DATA FOR REVIEW |
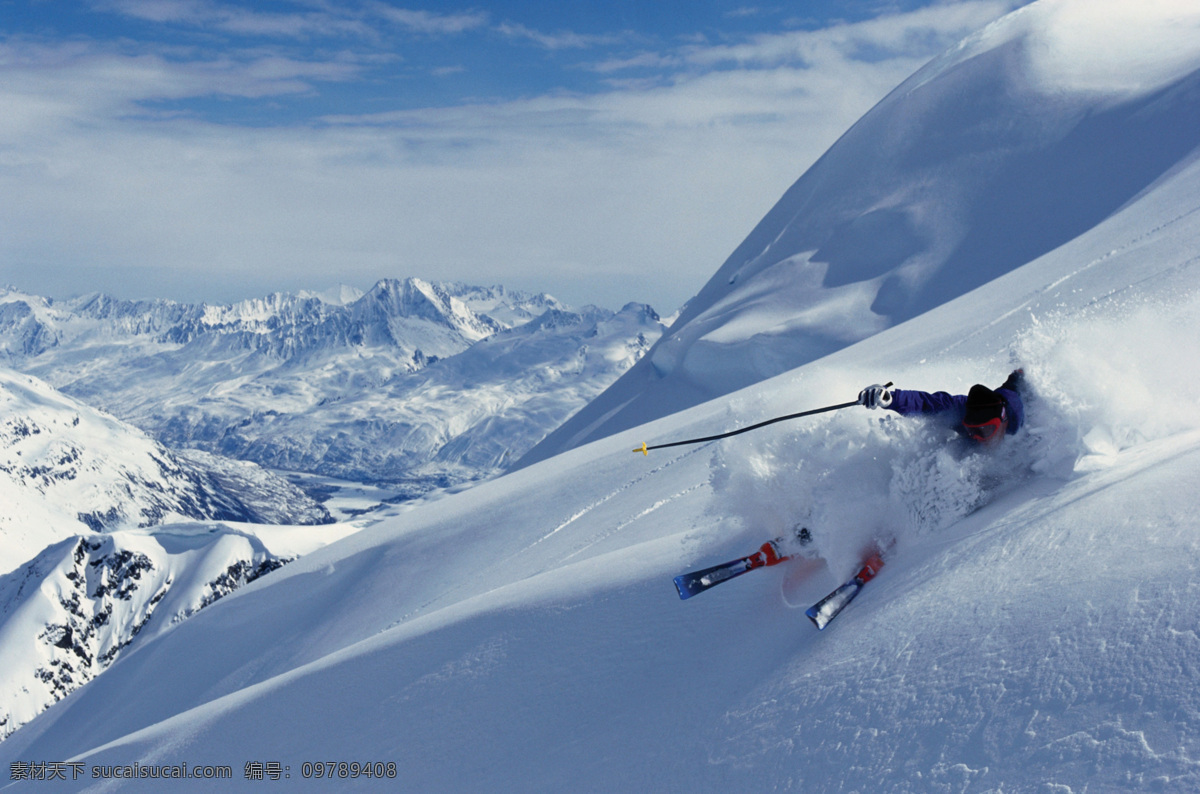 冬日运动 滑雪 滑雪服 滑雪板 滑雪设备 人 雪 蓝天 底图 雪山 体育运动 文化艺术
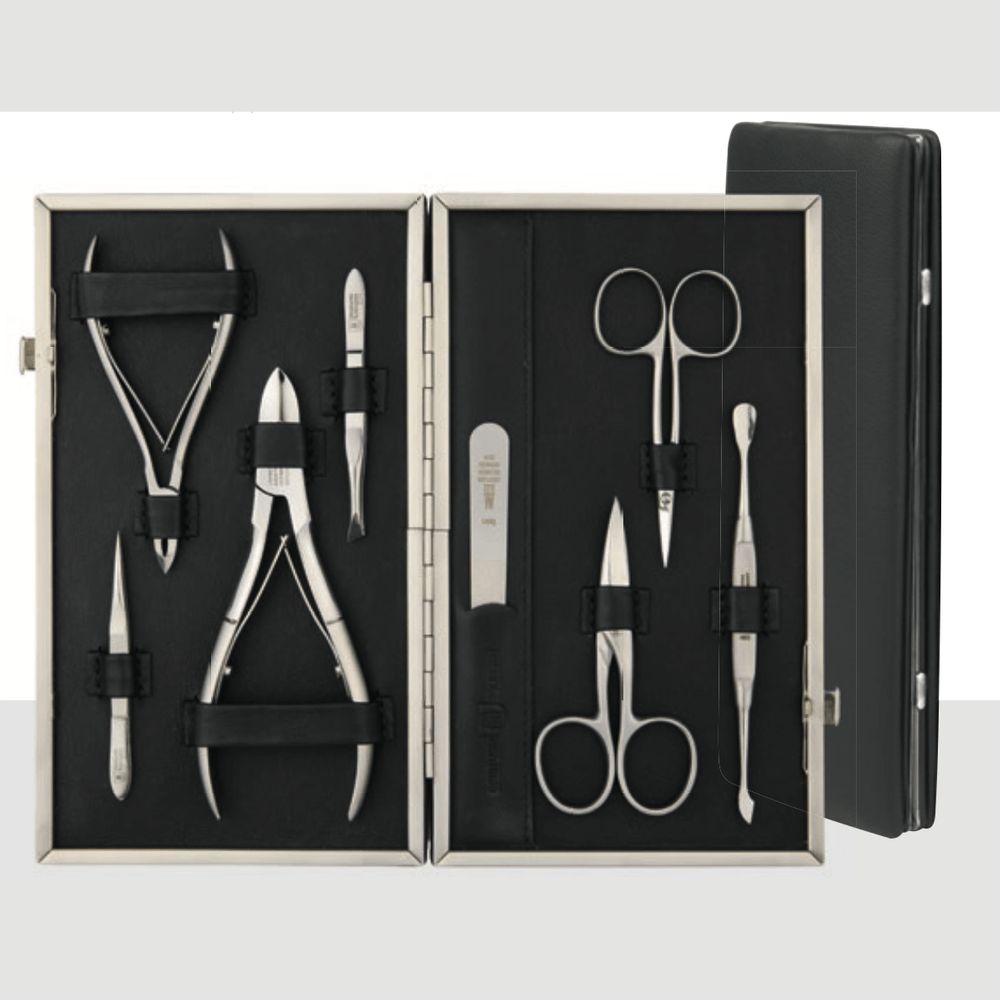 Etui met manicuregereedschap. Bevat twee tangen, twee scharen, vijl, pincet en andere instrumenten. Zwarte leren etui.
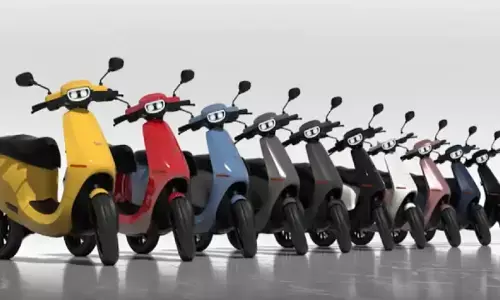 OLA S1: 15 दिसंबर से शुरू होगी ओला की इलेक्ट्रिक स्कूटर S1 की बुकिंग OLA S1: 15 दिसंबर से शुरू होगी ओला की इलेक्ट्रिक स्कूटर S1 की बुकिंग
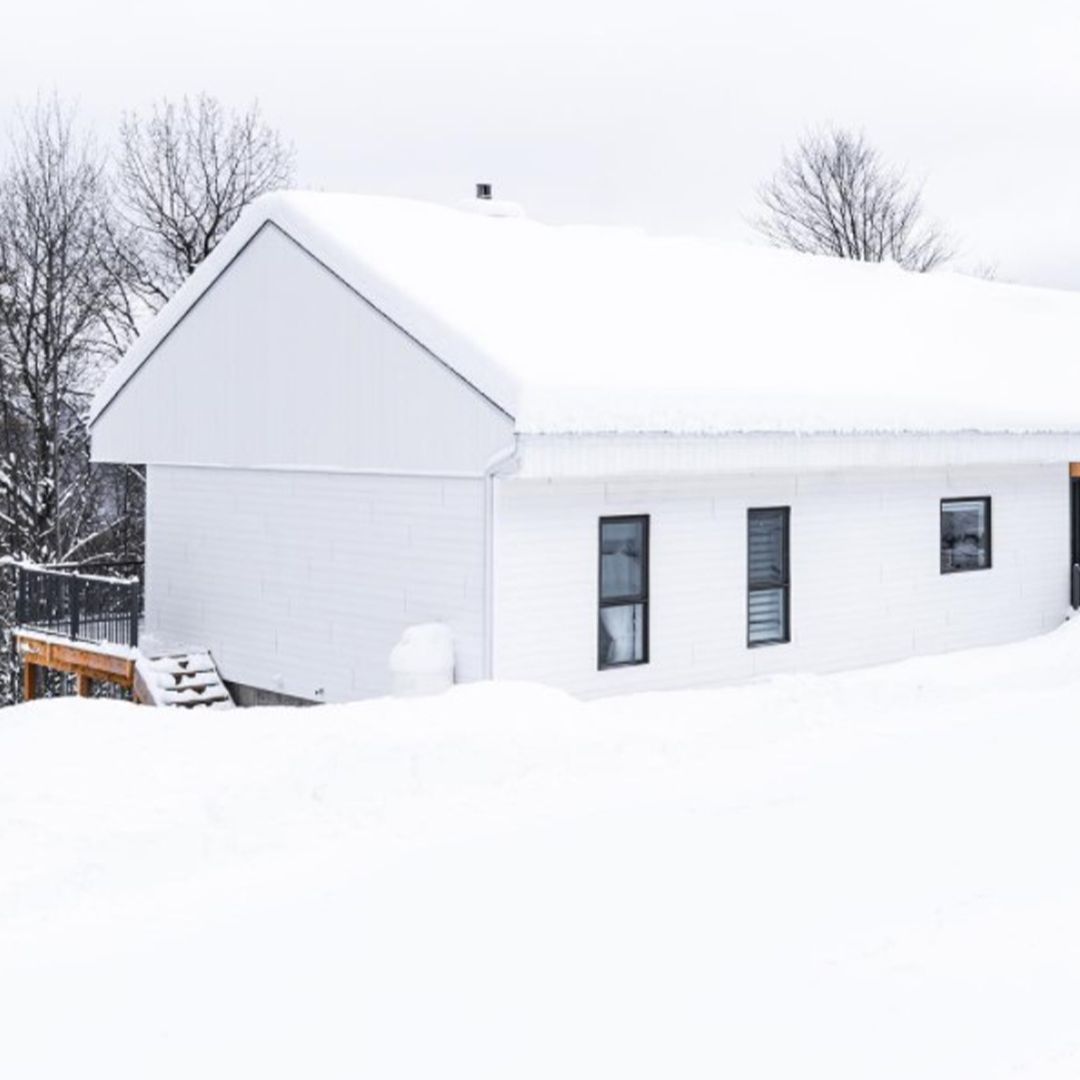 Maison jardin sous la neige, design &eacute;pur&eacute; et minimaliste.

==

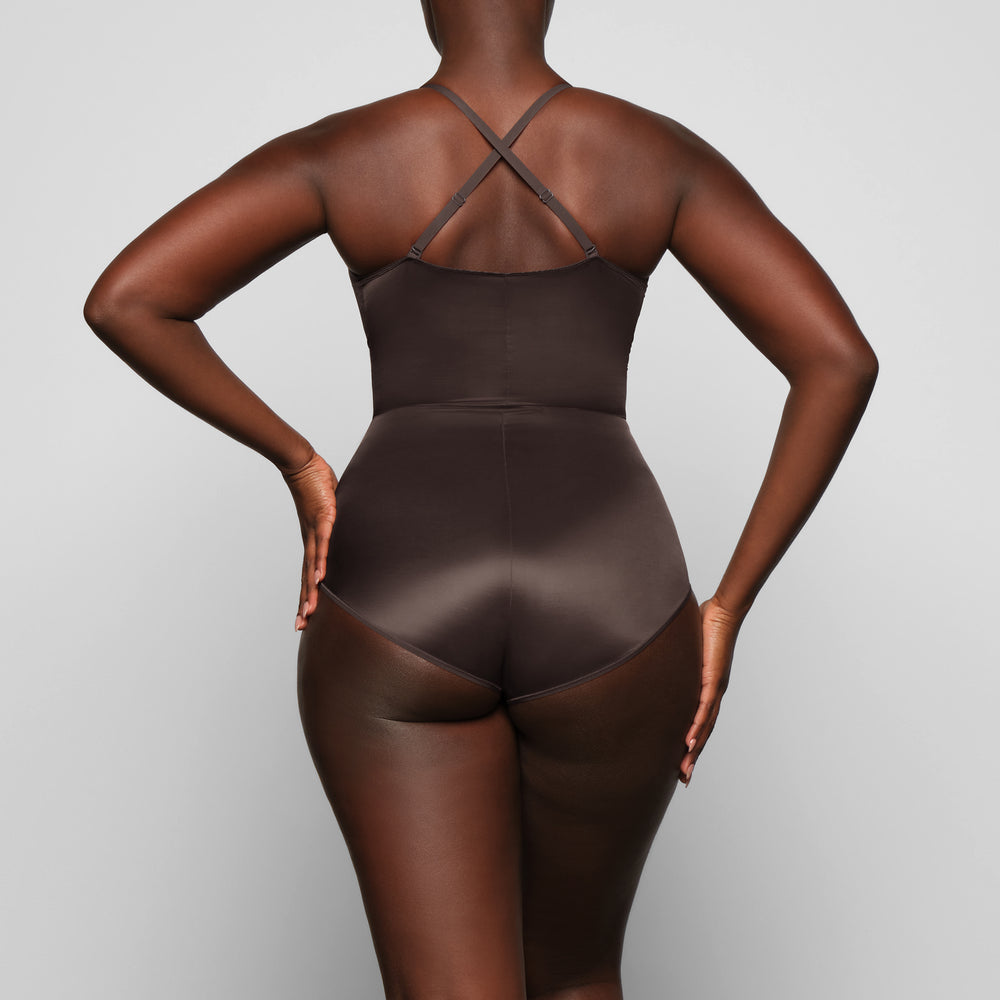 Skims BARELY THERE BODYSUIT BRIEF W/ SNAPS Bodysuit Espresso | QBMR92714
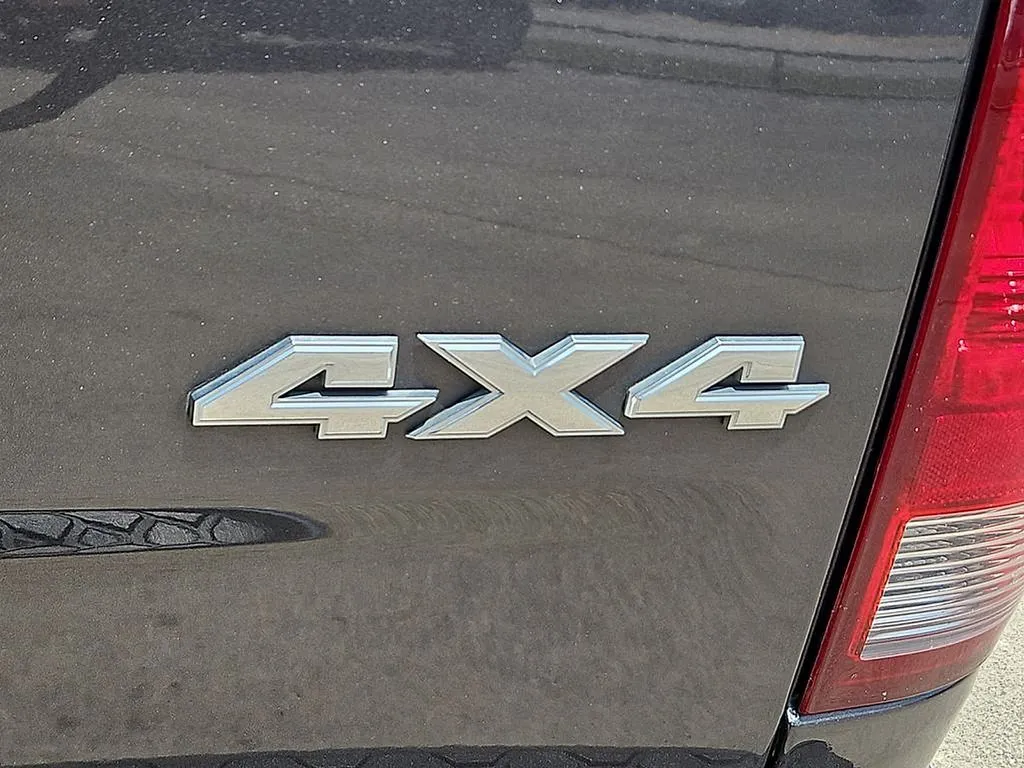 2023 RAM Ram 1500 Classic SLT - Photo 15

---

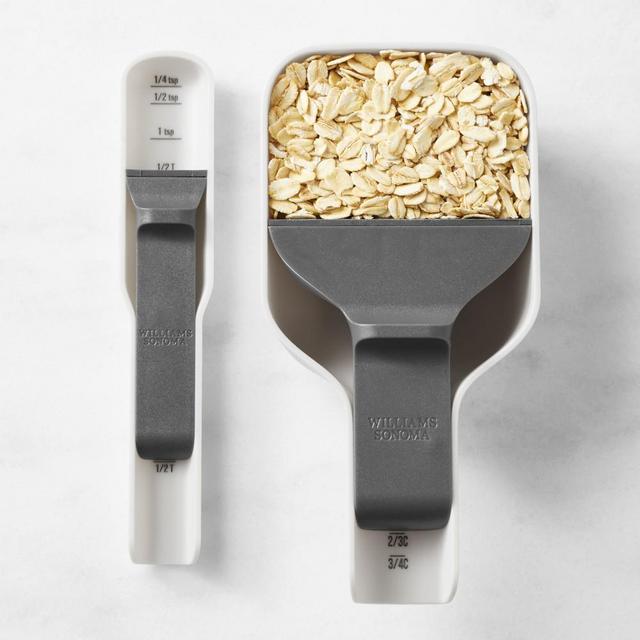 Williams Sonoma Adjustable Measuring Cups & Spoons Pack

ACTION ITEM | To complete this exercise, transcribe exactly the lines above from the one that holds "冬日运动 滑雪 滑雪服 滑雪板 滑雪设备 人 雪 蓝天 底图 雪山 体育运动 文化艺术" through the one that holds "Maison jardin sous". Pictures stay out.

TASK SOLUTION |
 冬日运动 滑雪 滑雪服 滑雪板 滑雪设备 人 雪 蓝天 底图 雪山 体育运动 文化艺术
 Etui met manicuregereedschap. Bevat twee tangen, twee scharen, vijl, pincet en andere instrumenten. Zwarte leren etui.
 OLA S1: 15 दिसंबर से शुरू होगी ओला की इलेक्ट्रिक स्कूटर S1 की बुकिंग OLA S1: 15 दिसंबर से शुरू होगी ओला की इलेक्ट्रिक स्कूटर S1 की बुकिंग
 Maison jardin sous la neige, design &eacute;pur&eacute; et minimaliste.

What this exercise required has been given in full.